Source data
———
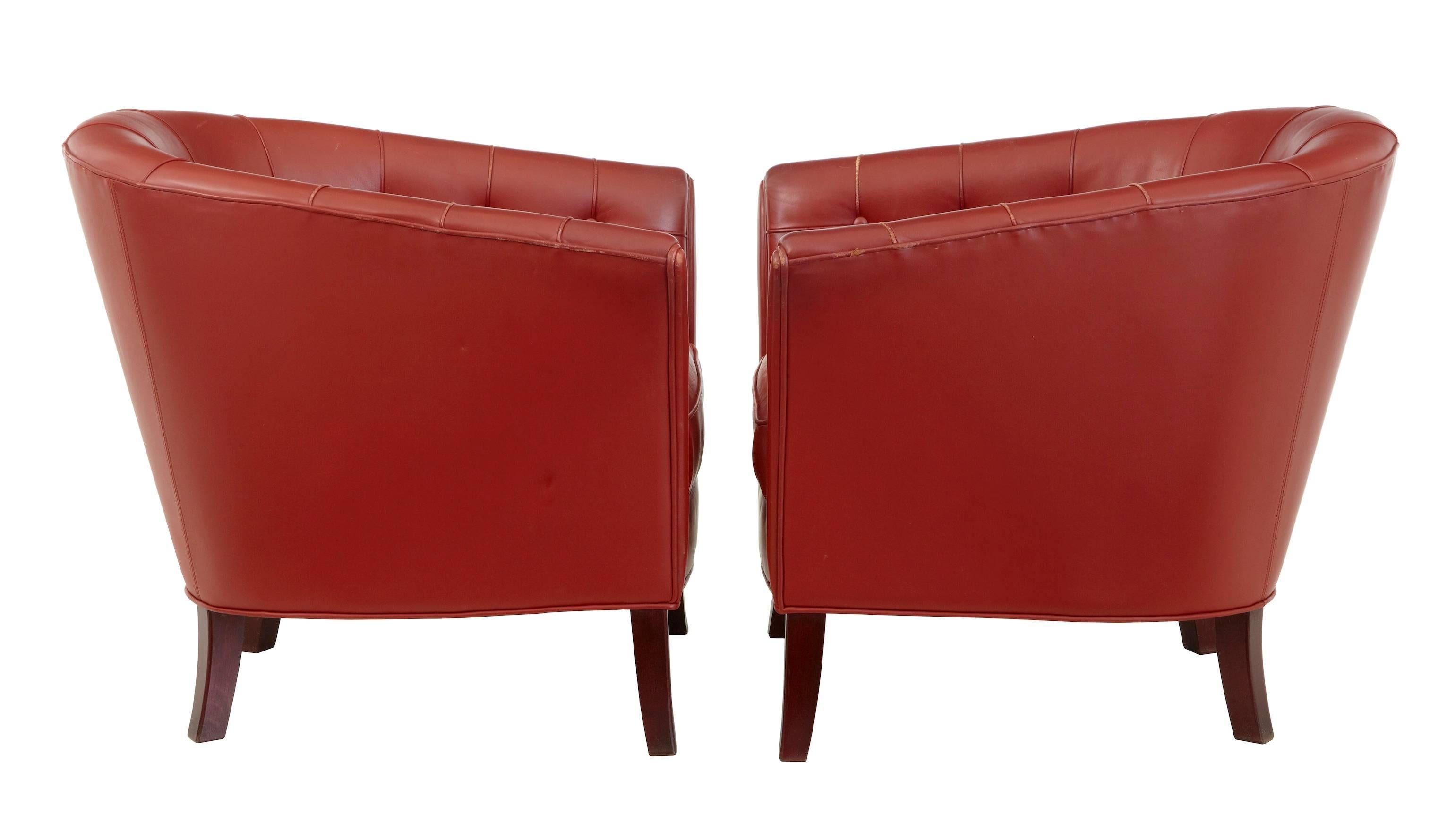 
Good quality and very comfortable pair of 1970s armchairs.
Rusty red colored leather with piping and buttonback.
Standing on mahogany colored tapering legs.

Some wear to piping and minor scuffs around the outside (photographed).

Armchair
———
- Problem details -
All that is wanted is the line with "Standing on mahogany colored tapering legs." and every later line in the entries, reproduced exactly.

- Expected answer -
Standing on mahogany colored tapering legs.

Some wear to piping and minor scuffs around the outside (photographed).

Armchair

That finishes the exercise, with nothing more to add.